July 12, 2024

NATO Charts a New Course

Will NATO encircle China next?

Sevim Dagdelen
NATO heads of state participate in a Working Session of the NATO Summit at the Walter E. Washington Convention Center in Washington, DC, on July 11, 2024.(Saul Loeb / AFP via Getty Images)

The July 2024 NATO summit in Washington threatens to set in train a Cuban Missile Crisis of truly global magnitude. Recall that in 1962, nuclear war between the US and the Soviet Union was averted only at the last moment. Both superpowers were determined to block the deployment of nuclear weapons in their immediate vicinity, or nuclear missiles capable of easily hitting major population centers. To resolve the crisis, US Jupiter missiles—developed by former Nazi rocket engineer Werner von Braun—had to be withdrawn from Italy’s south-eastern region of Puglia and the Turkish city of Izmir; such were the conditions for the Soviet removal of nuclear weapons from Cuba, along with its substantial troop deployments there.

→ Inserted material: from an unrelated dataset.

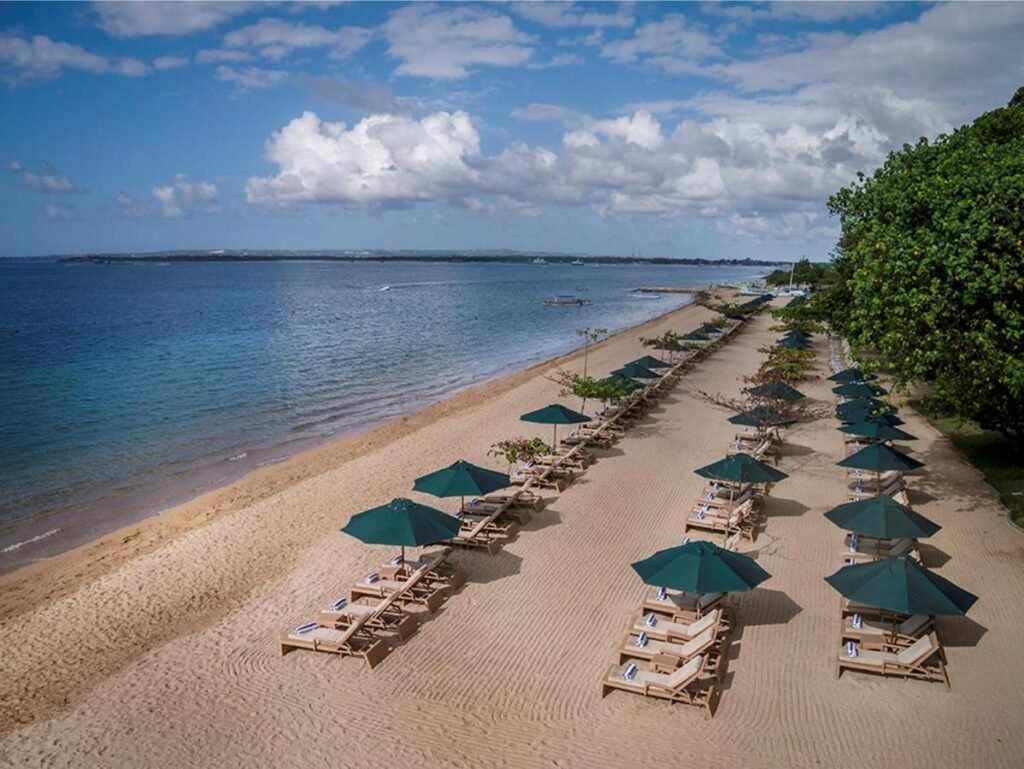 prama sanur beach bali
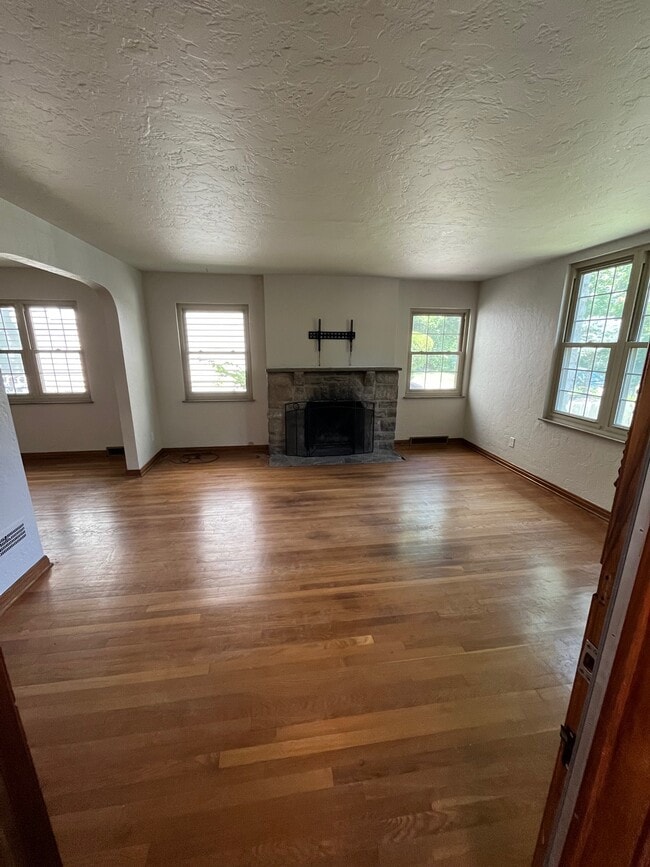 Living room - 3063 Sunset Dr - A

Since then, an unspoken diplomatic rule has held that countries in the close proximity of great powers should neither be bound by military pacts, nor make their territories available to rival alliances. It was precisely for this reason that US diplomats like George Kennan advised against NATO’s eastward expansion in the 1990s, in part because they feared a potential backlash. But the Clinton administration, feeling it was no longer obliged to consider the interests of a much-diminished Russia, pressed ahead with just such an enlargement, right up to the Russian border. Even after Moscow signaled in 2008 that NATO expansion into Georgia and Ukraine would be crossing a “red line”—that is, an intolerable threshold—Washington carried on as if the lessons of the Cuban Missile Crisis could be disregarded.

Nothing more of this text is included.